Home | About | Sematext search-lucene.com search-hadoop.com
 Search Hadoop and all its subprojects:

Switch to Threaded View
Pig, mail # user - Unable to load data using PigStorage that was previously stored using PigStorage


Copy link to this message
-
Re: Unable to load data using PigStorage that was previously stored using PigStorage
Ruslan Al-Fakikh 2013-04-17, 17:22
I am not sure whether you can convert a map to a tuple.
But I am curious about one thing:
your are trying to use 'b' as a Bag, right?
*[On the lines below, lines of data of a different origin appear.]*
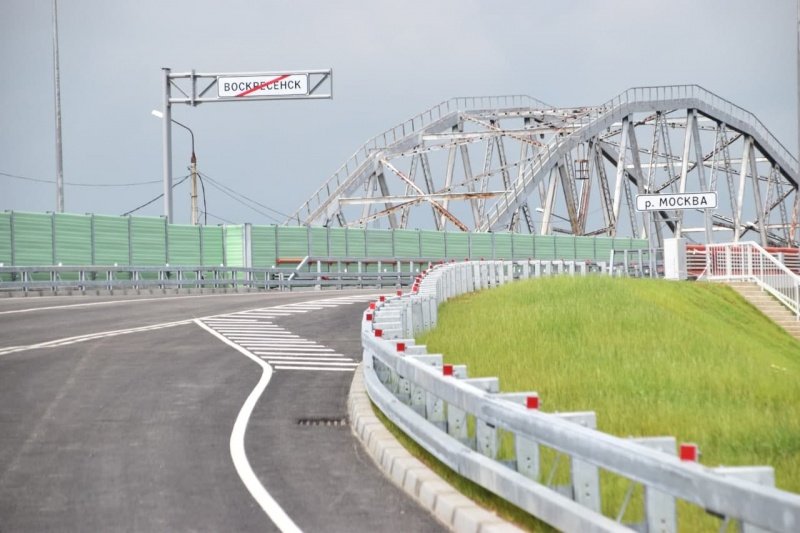 Новый Афанасьевский мост готов к открытию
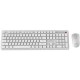 Комплект Gembird Slim Pro Business Wireless White (KBS-WPS-01-W-CYRL)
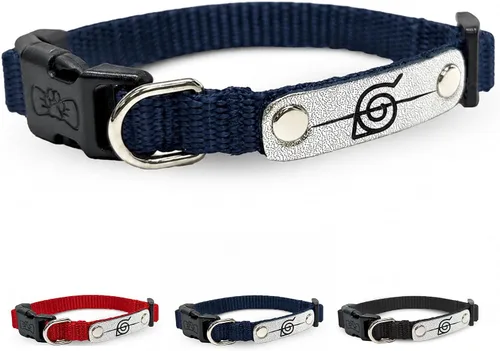 Vista 33 de Collar de perro Naruto para perros grandes, medianos, pequeños y XS: collar para perros de anime con licencia oficial de Naruto Shippuden Arena
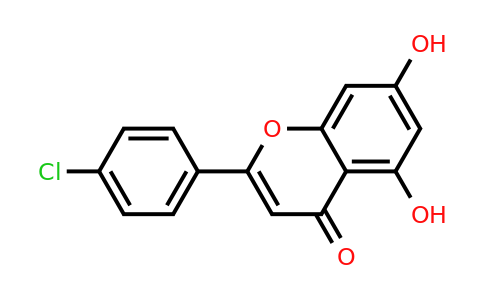 CAS 152969-69-2 | 2-(4-Chlorophenyl)-5,7-dihydroxy-4H-chromen-4-one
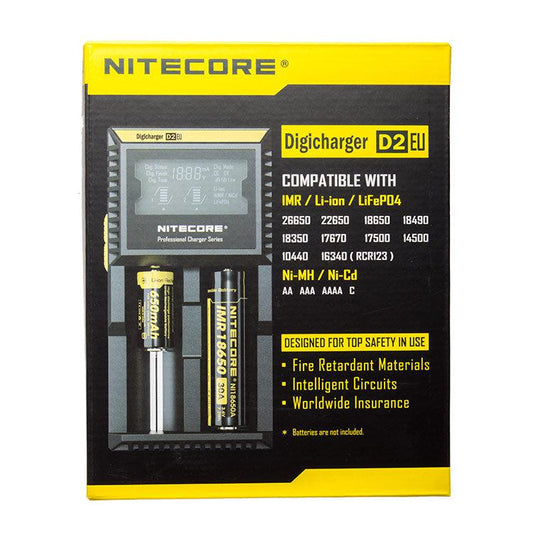 NITECORE DIGICHARGER D2 EU BATTERY CHARGER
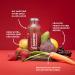 Monastery Kitchen Bio Smoothie - Red Apple Pear & Strawberry | Vegan Superfood Breakfast | 6x250ml Glass Bottles | Local Ingredients - Buy Online on SooperMarket.com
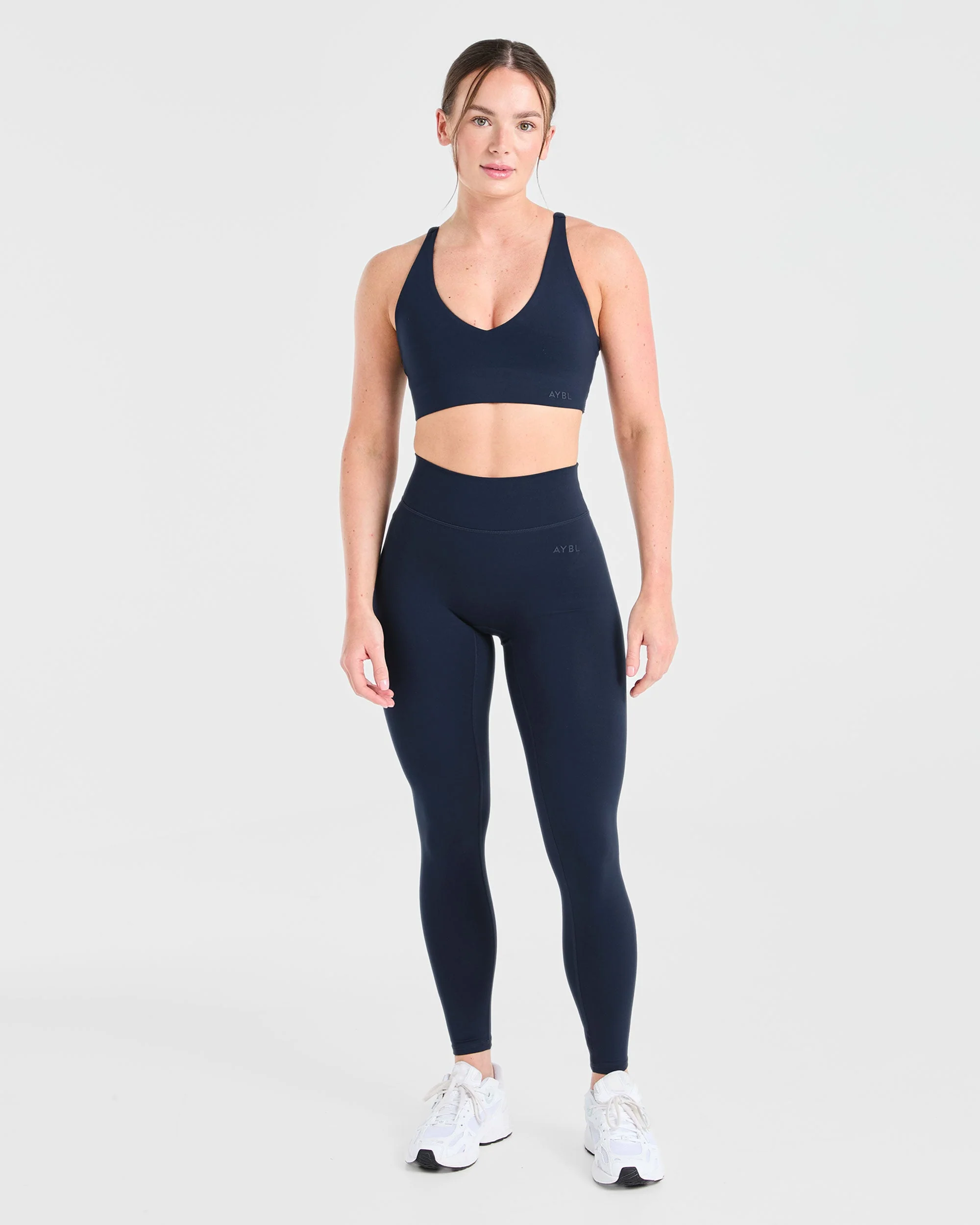 Staple Sports Bra - Navy - Image 3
Because FLATTEN needs it to be
a Bag I guess:
http://pig.apache.org/docs/r0.10.0/basic.html#flatten
But it seems that Pig thinks that b is a byte array:
java.lang.ClassCastException: org.apache.pig.data.DataByteArray cannot be
cast to org.apache.pig.data.DataBag
Can you do this?:
DESCRIBE B

I suppose it can look like a Bag in the output of DUMP, but I think Pig
doesn't know it is a Bag, maybe you'll need some kind of explicit cast?
On Wed, Apr 17, 2013 at 9:11 PM, Jerry Lam <[EMAIL PROTECTED]> wrote:

> Hi Rusian,
>
> I tried to debug each step already but no luck.
> I did a dump (dump B;) after B = foreach A generate document#'b' as b;
> I got {([c#11,d#22]),([c#33,d#44])}
> but it fails when I did C = foreach B generate flatten(b);
>
> I don't have controls over the input. It is passed as Map of Maps. I guess
> it makes lookup easier using a map with keys.
>
> Can I convert map to tuple?
>
> Best Regards,
>
> Jerry
>
>
>
> On Wed, Apr 17, 2013 at 11:57 AM, Ruslan Al-Fakikh <[EMAIL PROTECTED]
> >wrote:
>
> > Hi Jerry,
> >
> > I would recommend to debug the issue step by step. Just after this line:
> > A = load 'data.txt' as document:[];
> > and then right after that:
> > DESCRIBE A;
> > DUMP A;
> > and so on...
> >
> > To be honest I haven't used maps that much. Just curious, why did you
> > choose to use them? You can also use regular tuples for storing the
> > relations. Also you can store the tuples with a schema file.
> >
> > Ruslan
> >
> >
> > On Wed, Apr 17, 2013 at 5:28 AM, Jerry Lam <[EMAIL PROTECTED]> wrote:
> >
> > > Hi pig users,
> > >
> > > I tried to load data using PigStorage that was previously stored using
> > > PigStorage but it failed.
> > >
> > > Each line looks like this in the data file that is generated by
> > PigStorage:
> > > [a#hello,b#{([c#11,d#22]),([c#33,d#44])}]
> > >
> > > I did the following:
> > > A = load 'data.txt' as document:[];
> > > B = foreach A generate document#'b' as b;
> > > C = foreach B generate flatten(b);
> > > dump C;
> > >
> > > I expect to see the following output:
> > > ([c#11,d#22])
> > > ([c#33,d#44])
> > >
> > > Instead, I got:
> > > java.lang.ClassCastException: org.apache.pig.data.DataByteArray cannot
> be
> > > cast to org.apache.pig.data.DataBag
> > >
> > > Anyone encounters this problem before? How can I read the data back?
> > >
> > > Thanks,
> > >
> > > Jerry
> > >
> >
>